Mereka adalah pustakawan-pustakawan yang baik. Mereka menyukai buku dan menyenangi buku-buku yang dibaca. Mereka mengajari saya cara memesan buku dari perpustakaan lain. Mereka tidak pernah angkuh tentang apapun yang saya baca. Mereka hanya menyukai ada anak bermata besar yang suka membaca. Mereka berbicara kepada saya tentang buku-buku yang saya baca, membantu menemukan seri buku yang lain. Mereka memperlakukan saya seperti pengunjung lain – tidak lebih dan tidak kurang – yang artinya mereka menghargai saya. Saya tidak diperlakukan seperti anak yang berusia delapan tahun sebagaimana biasanya.
Tetapi perpustakaan adalah tentang kebebasan. Kebebasan membaca, kebebasan ide, kebebasan berkomunikasi. Perpustakaan adalah persoalan tentang pendidikan (bukan tentang sebuah proses di mana kita akan selesai saat meninggalkan sekolah atau universitas), tentang hiburan, tentang membuat lingkungan nyaman, dan tentang mengakses informasi. 
Saya khawatir bahwa di abad 21, orang-orang salah pengertian tentang perpustakaan dan tujuannya. Jika kita menganggap bahwa perpustakaan adalah setumpuk buku di rak, itu akan sangat mudah terlihat kuno dan usang di dunia yang kebanyakan (meski tidak semua) buku-buku hanya hadir secara digital. Pendapat seperti itu kehilangan poin yang sangat fundamental.

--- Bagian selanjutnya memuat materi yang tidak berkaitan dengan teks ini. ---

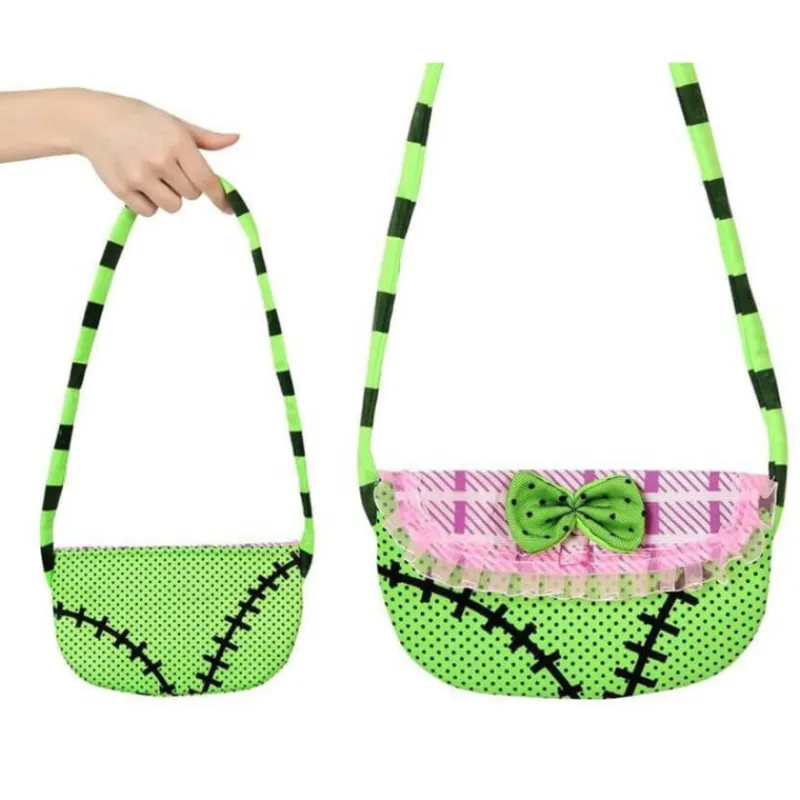 Discount Bolso de Monstruo verde para Halloween Complementos Para Disfraces|Accesorios Halloween Y Terror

Saya merasa bahwa hal itu seharusnya dilakukan dengan informasi yang alami. Informasi memiliki nilai dan informasi yang benar memiliki nilai lebih. Dari sejarah manusia, kita hidup dalam kekurangan informasi, dan kebutuhan akan informasi selalu menjadi hal yang penting dan selalu berharga: kapan menanam, di mana mencari sesuatu, peta, sejarah, dan cerita-cerita – semua itu selalu menjadi bahan baku untuk makanan dan perusahaan. Informasi adalah hal yang bernilai, dan mereka yang memiliki atau membuatnya bisa mendapatkan keuntungan.
Beberapa tahun belakangan, kita berpindah dari ekonomi informasi langka ke satu kendali informasi yang melimpah. Menurut Eric Schmidt dari Google, setiap dua hari, ras manusia membuat banyak informasi yang kita lakukan dari awal peradaban sampai tahun 2003. Kira-kira sebanyak lima exobyte data per hari. Bagi mereka yang berhitung, tantangannya menjadi: bukan menemukan tanaman langka yang tumbuh di gurun pasir, tetapi menemukan tanaman spesifik yang tumbuh di hutan. Kita akan membutuhkan bantuan menemukan informasi yang sebenarnya kita butuhkan.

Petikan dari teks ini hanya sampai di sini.